Liquidation des droits de mutation par décès 

Cass. com., 6 mai 2026, n° 25-13.598

Liquidation des droits de mutation par décès : au visa de l’article 768 du code général des impôts, la Cour de cassation censure un arrêt de cour d’appel ayant débouté la demande du fils d’un défunt tendant à la décharge des droits de succession, tant sur la déductibilité (1) que sur le montant déductible (2) de la dette concernée.

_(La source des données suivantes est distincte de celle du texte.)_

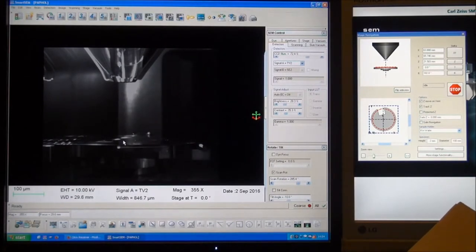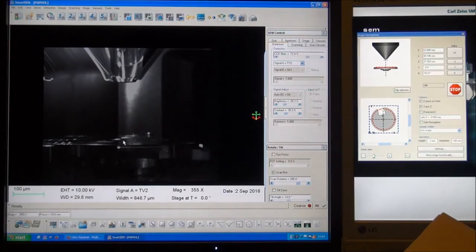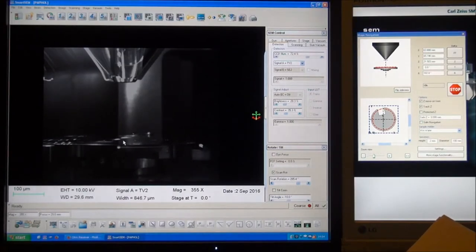You should look at the TV signal every time you move the sample closer to the pole piece.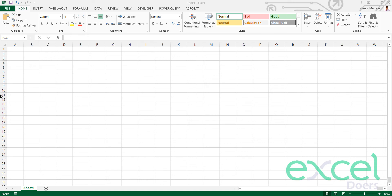Hello everyone, today I am going to teach you how to create a Gantt chart using some very simple techniques. We will use a scroll bar which will make the date range dynamic, and everything will be on a single click. Anyone can do it — just watch this video till the end. If you have not subscribed to the channel yet, please subscribe now and click the bell icon.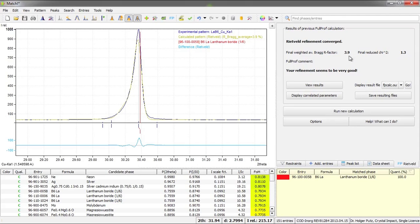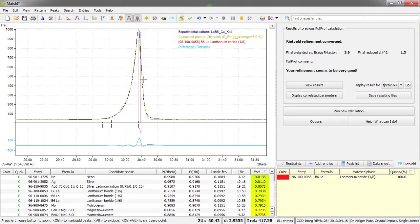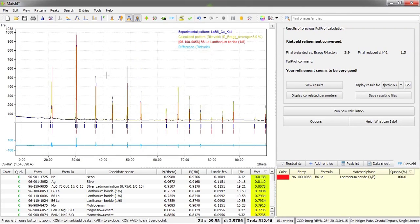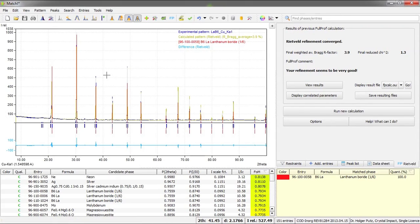The agreement factors have reduced and also you can see in the diffraction pattern that the agreement between the calculated and the experimental peak is now much better. So let's return to the full diffraction pattern.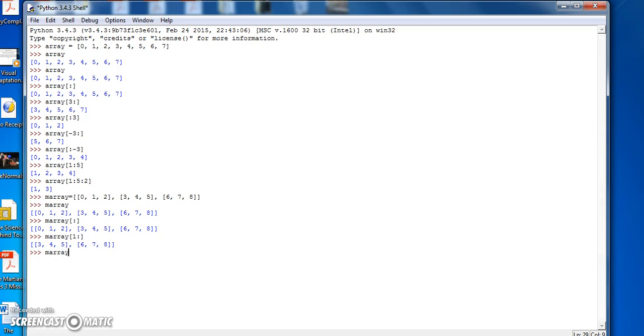And if we do the opposite, mArray colon 1, we just get the first element of the array.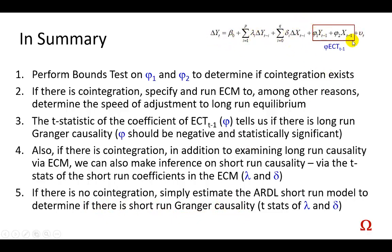excluding what you see in the red box, and of course excluding the error correction representation right there, and then we're just going to make inference based on lambda and delta. So that's all there is to it.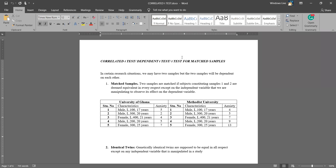The first scenario is matched samples. With matched samples, there are two samples that have been drawn. They are equivalent in every aspect, with the exception of the independent variable that we are manipulating.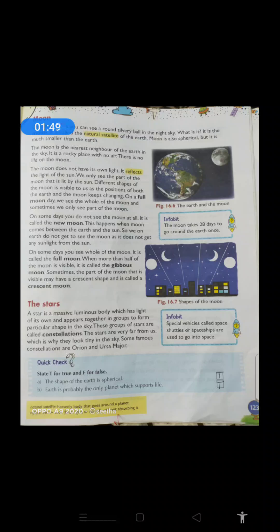Sky mein agar sab se nazdik wala neighbor hai apna, woh kaun hai? It is moon, kyunki earth se thoda nazdik mein jo heavenly body hai, woh moon hai. It is a rocky place with no air — moon ek aisi jagah hai jo completely rock se bhara hua hai. There is no life on the moon; that is the main reason why there is no life on the moon.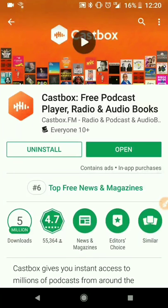Hi, today I'm going to go over how to listen to podcasts using the CastBox app. I've also done a video on how to use the PocketCast app. I said in that video that that was my favorite, however using CastBox some more, it's a great app and it has an advantage in that it's free. PocketCast costs $4.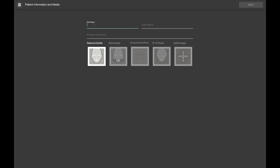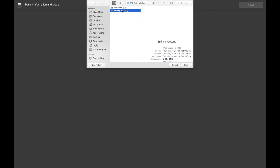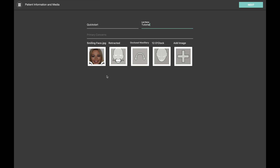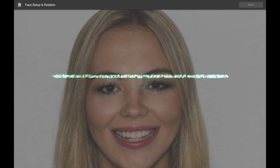The first thing we do with a new case is enter some basic information. Here I'll put 'Quick Start' as the patient's name and I'm going to tap on the button where it says natural smile and bring in the smiling face of the patient. Smile Designer Pro supports a photo protocol that includes the retracted picture, the occlusal picture, 12 o'clock, and actually any arbitrary collection of pictures that you want to bring in and work with. But for this tutorial we're going to keep everything simple and just use the smiling face, so we'll click the next button.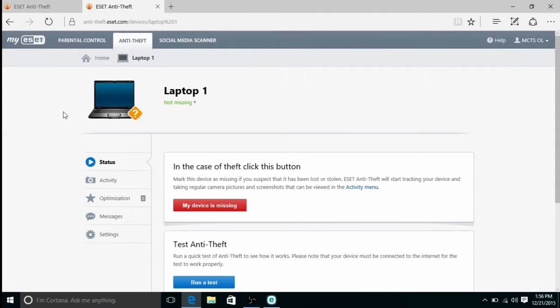Feel free to check out our website at microcenter.com. Head over to the tech center for many more articles and videos on ESET and a variety of other topics. As always, we thank you for watching and have a wonderful day.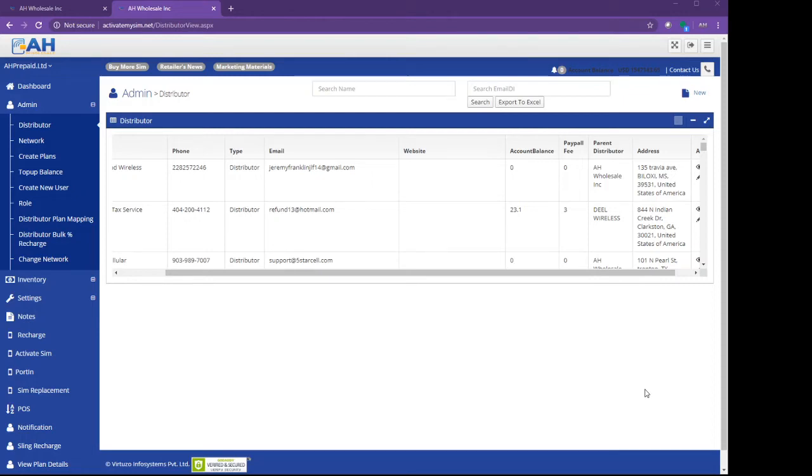Hello everyone, this is Harjit Gil from AH Wholesale. Today I'm going to teach you guys how to create a retailer if you are a master dealer for Lyca Mobile and you want to create a retailer under you.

1) Sur la déductibilité de la dette

La cour d’appel avait considéré, pour rejeter la demande du fils du défunt, que la dette, contractée par ce dernier avant sa mort, était litigieuse au motif que son épouse avait saisi le juge d’une demande en nullité de l’acte de prêt et en contestation de l’hypothèque.  

La Cour de cassation censure l’arrêt de la cour d’appel, celle-ci n’ayant pas tiré les conséquences légales de ses propres constatations en jugeant cette dette litigieuse alors qu’elle constatait qu’au jour du décès, l’assignation de l’épouse du défunt n’avait pas été délivrée.

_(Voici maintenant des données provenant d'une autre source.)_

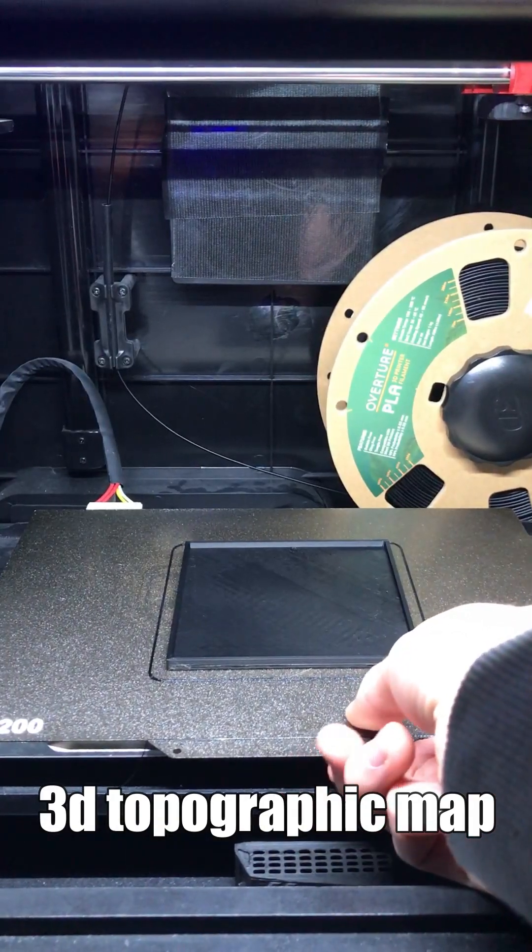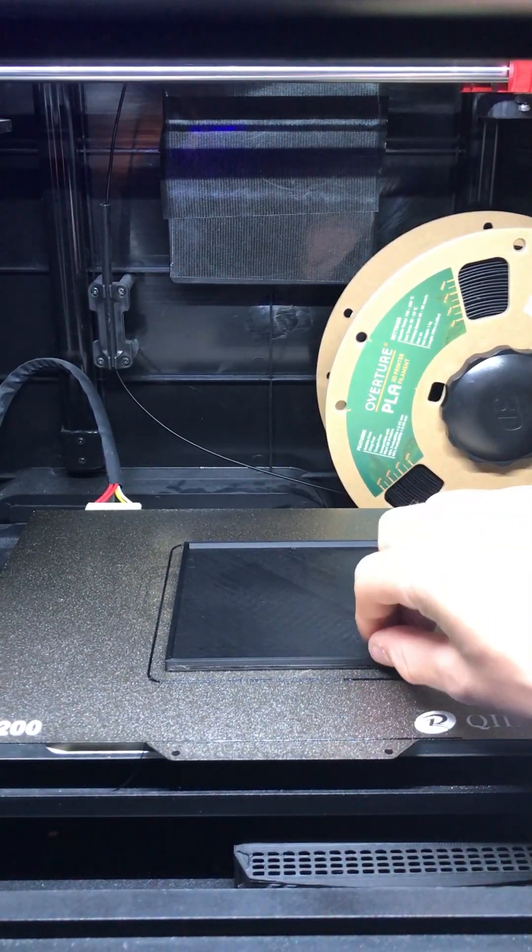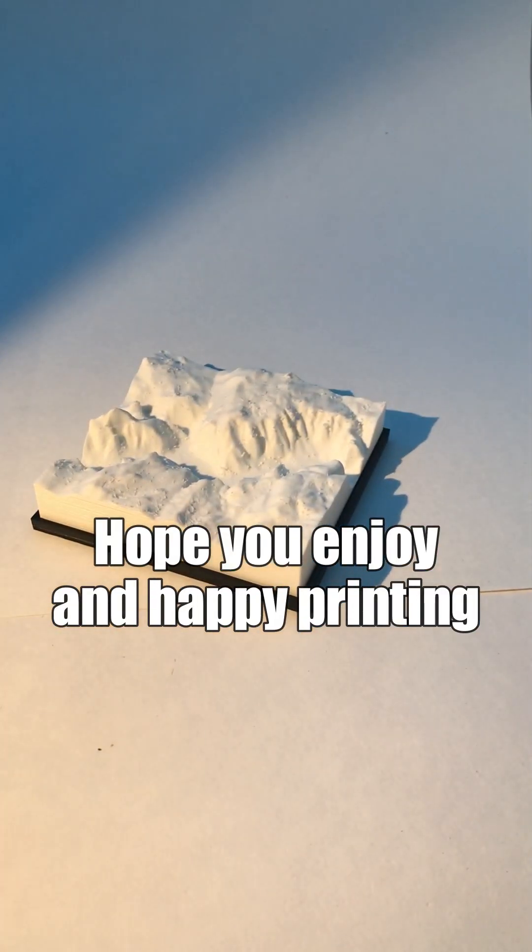And here's the complete 3D topographic map. Hope you enjoy, and happy printing!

2) Sur le montant déductible

La cour d’appel avait en outre jugé qu’en tout état de cause, le montant total du prêt ne pouvait être inscrit au passif à hauteur des sommes empruntées.

Là encore, la Cour de cassation considère qu’en statuant ainsi, alors qu’elle avait constaté qu’au jour du décès, le défunt devait à la banque l’intégralité du capital emprunté, outre les intérêts, la cour d’appel, qui n’a pas tiré les conséquences légales de ses propres constatations, a violé l’article 768 du code général des impôts.